Our manufacturing process is fully backward integrated. We use cumene, a chemical
compound produced from benzene and propylene, to manufacture phenol, acetone
and AMS, at our Frankford, Pennsylvania plant. The majority of the phenol we
manufacture is further processed at our Hopewell facility through an integrated
series of unit operations which also consume natural gas and sulfur, to produce
caprolactam and ammonium sulfate. Our caprolactam is then shipped to our Chesterfield
plant, where it is polymerized into Nylon 6 resin.
Our integrated manufacturing process, scale and the quantity and range of our
products make us one of the most efficient manufacturers in our industry. We
consistently focus on and invest in improving production yields from our various
manufacturing processes to build on our leading cost position. Our global logistics
infrastructure supports our commercial mission by ensuring a reliable intraplant
supply chain and consistent and timely delivery to our customers while maximizing
our distribution resources and our operating efficiency. In addition, we strive
to understand the product applications and end-markets into which our products
are sold, which helps us upgrade the quality, chemical properties or packaging
of our products in ways to attract price premiums and greater demand.

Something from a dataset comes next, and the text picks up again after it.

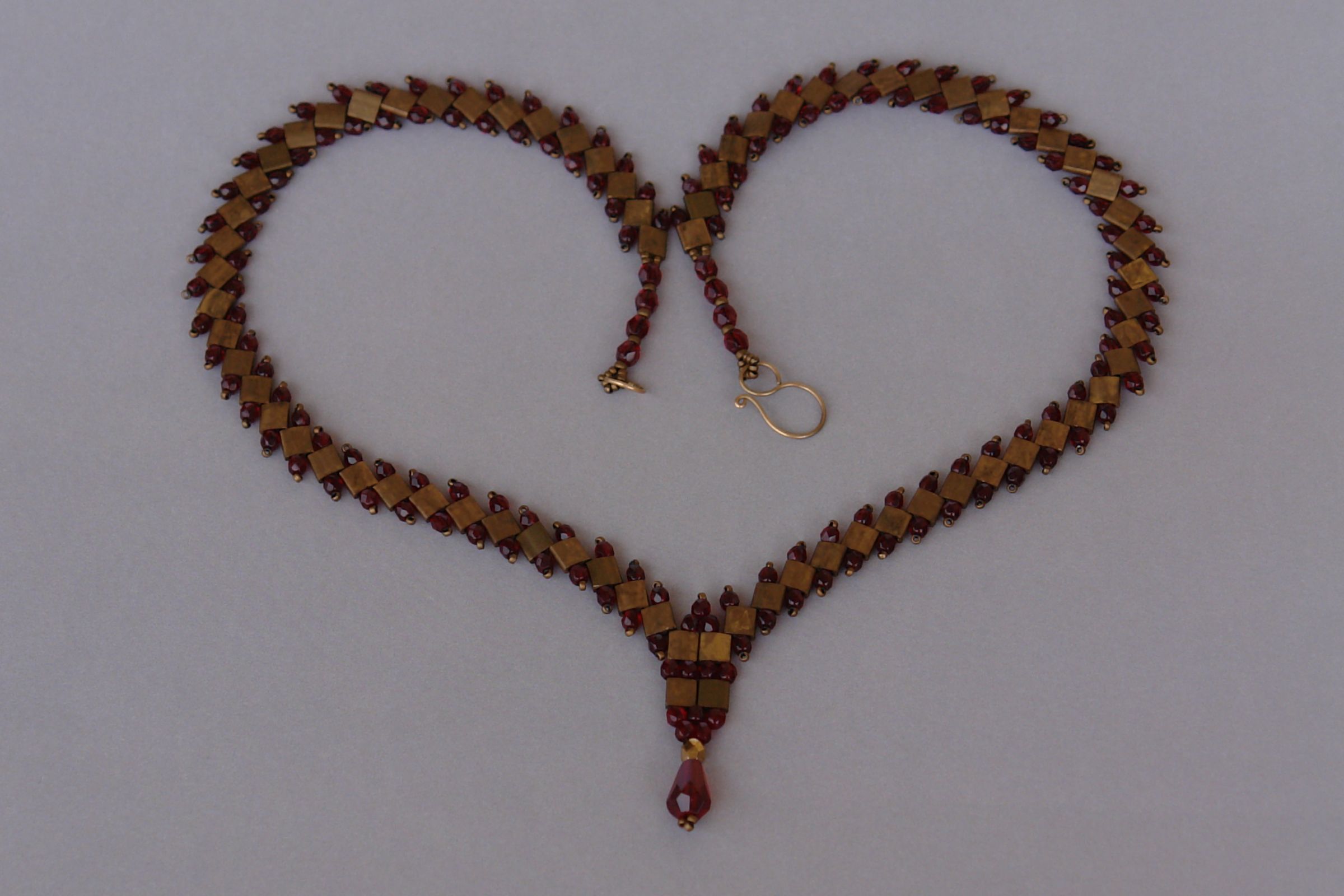 Sidonia's Handmade Jewelry - Tila Beads Necklace Tutorial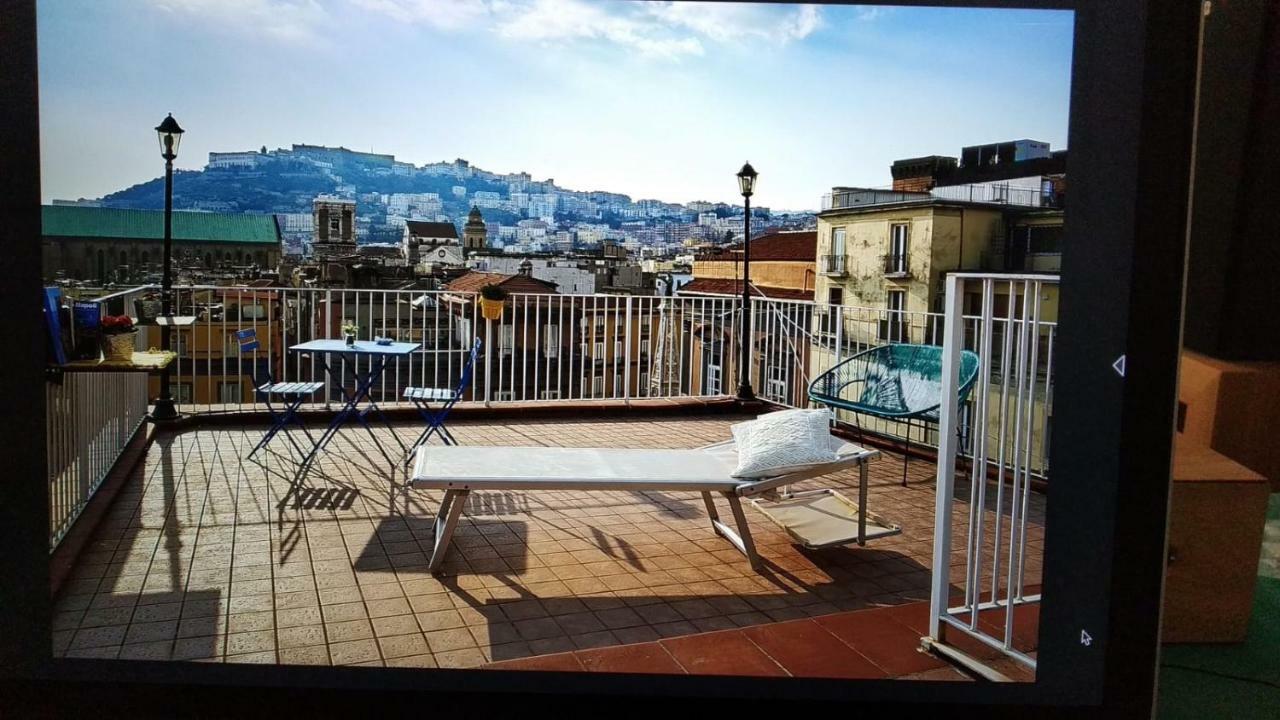 La Casa Sui Tetti Nápoles Exterior foto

Large-Scale Single-Site Producer of Caprolactam and Ammonium Sulfate. We operate
one of the world’s largest single-site caprolactam and ammonium sulfate
production facilities, which is a competitive advantage in our highly-fragmented
industry. Our scale provides operating leverage and the opportunity to achieve
stronger business performance than our competitors in several ways. Most fundamentally,
our large scale enables us to spread fixed and overhead costs across more pounds
of production, thereby enabling us to produce caprolactam at a lower per pound
price than our competitors. In addition, the scale of our operations benefits
our procurement activities for raw materials and services. Large scale also
helps drive our sales. We believe that our reputation as one of the world’s
largest producers of caprolactam, Nylon 6 resin, ammonium sulfate and associated
chemical intermediates, encourages potential customers to approach us for stability
of their supply requirements.
Low Cost Position Driven by Favorable Geographical Location, Integrated Manufacturing
Footprint and High Utilization Rates. Our access to lower cost raw materials,
backward integrated manufacturing facilities and high plant utilization rates
help us maintain our position as the world’s lowest cost producer of caprolactam.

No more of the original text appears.